Wales sets 2026-29 business rates transitional relief

From 1 April 2026, if your business rates bill in Wales jumps by more than £300 because of revaluation, that rise won’t hit all at once. It will be phased over two years under new regulations that come into force on 31 December 2025. We’ve read the rules so you don’t have to, and we’ll walk through the maths with clear examples you can check against your bill.

What changes for you is simple: Wales will discount most of the increase at first, then taper that support. In 2026–27 you pay only 33% of the increase; in 2027–28 you pay 66% of the increase; by 2028–29 you’re on your full bill. The Welsh Government is fully funding this scheme.

Who qualifies? Your property must have been on a local or central rating list on 31 March 2026, you must have occupied it that day, and you must still be the ratepayer when the bill is due. The increase has to be more than £300. If your property is subject to a section 44A ‘partly occupied’ apportionment, this specific relief does not apply. Central list properties are included.

Let’s decode the two key ideas you’ll see on guidance and bills. Base liability (BL) is your 31 March 2026 chargeable amount, annualised. Notional chargeable amount (NCA) is what your 1 April 2026 bill would be if there were no transitional rules. The relief compares NCA with BL and then applies a daily deduction across the year.
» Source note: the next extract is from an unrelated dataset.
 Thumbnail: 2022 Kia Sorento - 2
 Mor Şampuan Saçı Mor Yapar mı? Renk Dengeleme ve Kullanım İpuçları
There are a few guardrails. The deduction is calculated daily, using 365 in 2026–27 and 366 in 2027–28 because that year overlaps a leap year. If a deduction would push your bill below zero, your chargeable amount is set to £0 for that day. And if your chargeable amount falls later (for example after a successful valuation change), the NCA used for the calculation is reset from the effective date of that change.

How it’s applied. For local list properties, councils will update bills automatically where the criteria are met. For central list ratepayers, the Welsh Government will adjust bills. If something looks off, you can ask your council to check the calculation.
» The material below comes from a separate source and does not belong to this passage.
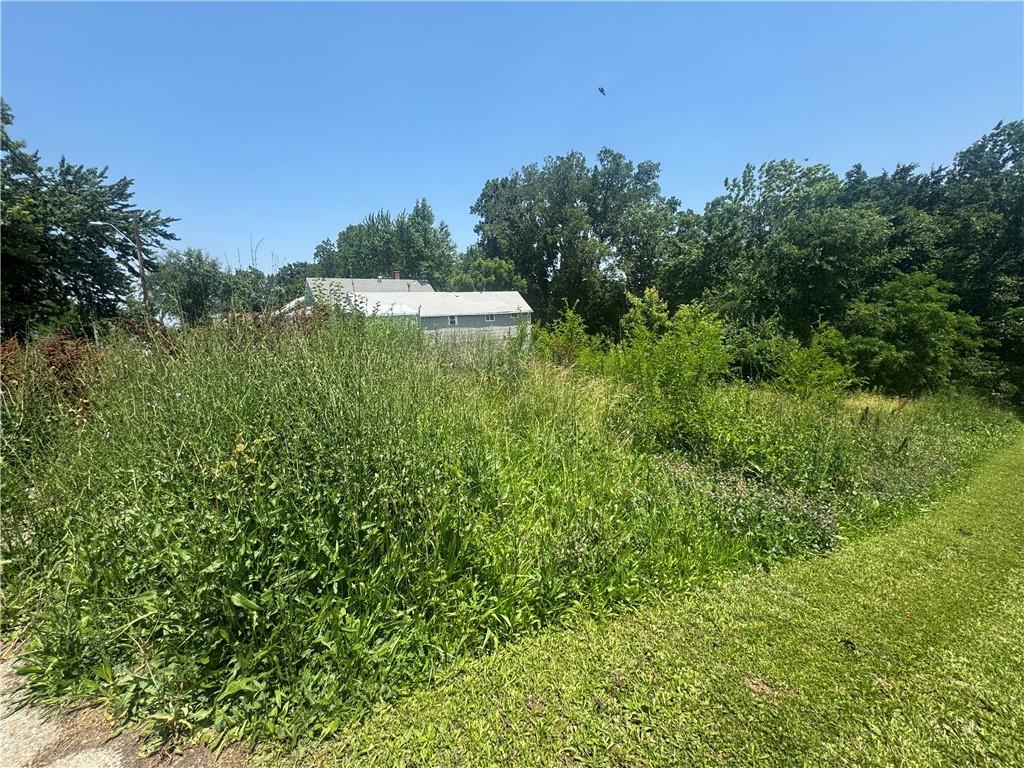821 Ewing Ave, Kansas City, MO 64125 - photo 2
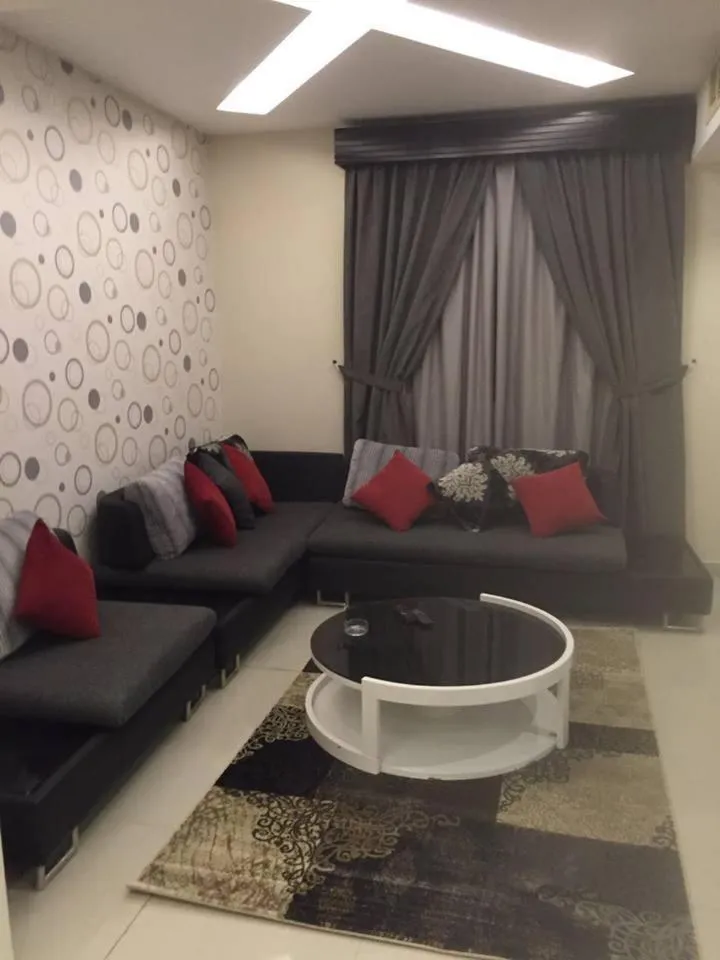 Communal lounge/ TV room in Rukon Buotat 15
Bigger picture for 2026. The revaluation takes effect from 1 April 2026 and, alongside transitional relief, Wales is changing the multipliers: a standard multiplier of 0.502, a new lower retail multiplier set at 0.350 for small to medium shops, and a higher multiplier at 0.515 for the largest properties by value. Ministers have also set aside £116m over two years to fund the transition.

Worked example 1 (small shop). Suppose your 2025–26 bill (BL) was £3,000 and your 2026–27 notional bill (NCA) is £4,200 after any other reliefs. The increase is £1,200, so you qualify. In 2026–27 your deduction is 67% of £1,200 = £804. Your payable bill becomes £4,200 − £804 = £3,396. In 2027–28 your pre‑calculated deduction is 34% of £1,200 = £408. Your bill for 2027–28 is whatever the chargeable amount is for that year, minus £408. By 2028–29 the deduction is £0 and you pay the full chargeable amount.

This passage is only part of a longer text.